Step 1: Preparing the screen
Preparing the screen is the first part of the process and the quality of the final product depends heavily on this stage. In most cases, a light-sensitive emulsion is applied to a mesh screen (this is the green bit you normally see on a screen) which is then exposed to UV light. During this process, your design, a stencil of which has been placed onto the mesh itself, is ‘burned’ into the emulsion. Once the exposure is finished, the screen is hosed down with water to remove the soft emulsion, leaving only your design behind. The screen is now ready to use for printing.
In some cases, designs can be printed directly onto an emulsion-coated screen using special printers. When this happens designs are printed directly onto the mesh and revealed when the emulsion is washed away, leaving a print-ready screen.
Step 2: Separating colour layers
If there’s more than one colour to your design, the process is repeated so that each colour in your design is separated into individual layers on different screens. Used three colours in your design? Then three screens will be needed, one for each colour. When it comes to colour matching, endless variations can be achieved with the right mix of inks and expert precision, and this is where Pantone colour checking comes into play. When your design is submitted for print we find the exact matching Pantone colour so our print team know exactly which variation of colour to print your design with.

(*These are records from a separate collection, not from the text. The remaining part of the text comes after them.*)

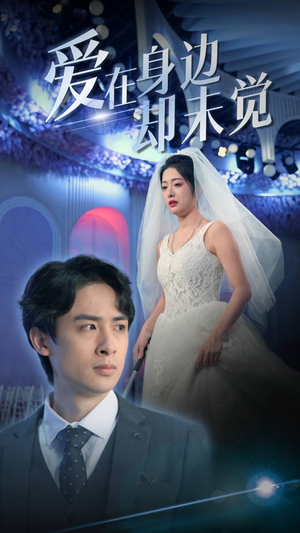 爱在身边却未觉(82集) 爱在身边却未觉(82集)最后的大结局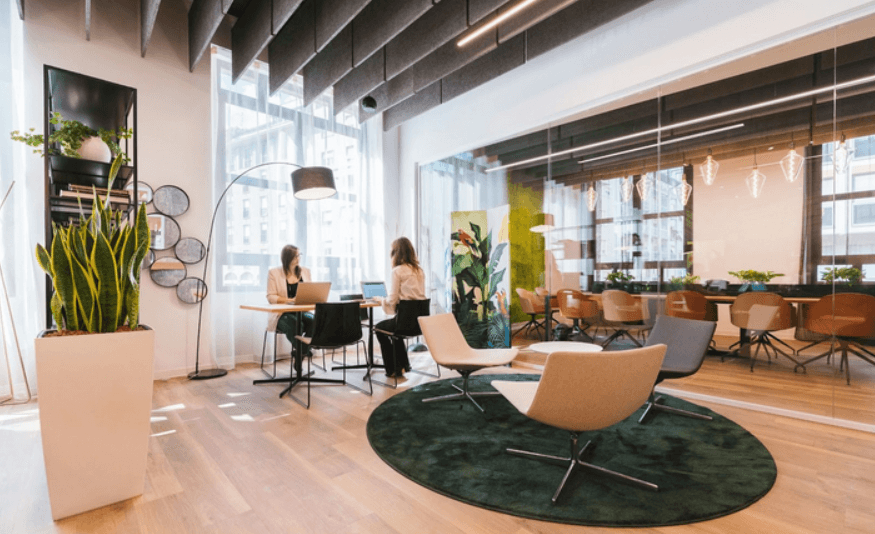 Greenovation: Cultivating Sustainable Spaces for Work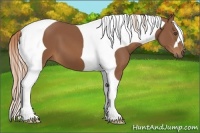 Horse Color:Chestnut Tobiano Frame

Once your screen(s) have been prepared, it’s time to print.
Step 3: Alignment and printing
Next, the screen is carefully lined up on the printing press and positioned on the T-shirt using either laser or manual alignment tools, it’s a bit of a skill and one of the most important parts of the entire process. This is how you ensure your print is in the exact same place when the process is repeated 100s of times.

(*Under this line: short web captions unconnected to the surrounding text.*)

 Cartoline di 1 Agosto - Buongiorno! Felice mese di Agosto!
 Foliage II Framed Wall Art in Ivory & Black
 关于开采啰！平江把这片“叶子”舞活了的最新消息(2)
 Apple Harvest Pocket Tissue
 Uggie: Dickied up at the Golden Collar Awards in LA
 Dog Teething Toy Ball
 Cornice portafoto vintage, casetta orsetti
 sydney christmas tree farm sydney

Once aligned properly, a squeegee (rubber-edged, hand-held blade) is used to press ink through the design area on the screen mesh, leaving the final print on your T-shirt underneath. If there are multiple colours in the design, the process will be repeated for each colour.
Step 4: Heat Curing
It’s then super important to heat cure the T-shirt to ensure the print is sealed and stays in place. Otherwise, the design would fade straightaway in the wash. The ink has to reach a certain temperature in order to bond it to the fabric. Different types of ink need to be cured at varying temperatures and for different lengths of time, so this stage requires an expert approach.
Step 5: Other points to consider
Screen printing is a brilliant way to print, and there are many reasons to use this approach. If you’re printing on a large scale, it’s a relatively cheap and quick way to print. However, if you’re looking to print a short run of T-shirts it can be an expensive option because of the setup costs of the screens, as making a new screen can be expensive. In this instance, DTG printing is usually a more viable option. Similarly, if your design involves more than a few colours, varying gradients or shadows, more screens will be needed, which will also affect the cost.
As screen printing develops with time and advancing technology, there are constantly new innovations popping up that make it a more efficient, and waste-free way to print. Organic and natural inks are increasingly available to use, and new technologies can make printing more precise than ever before.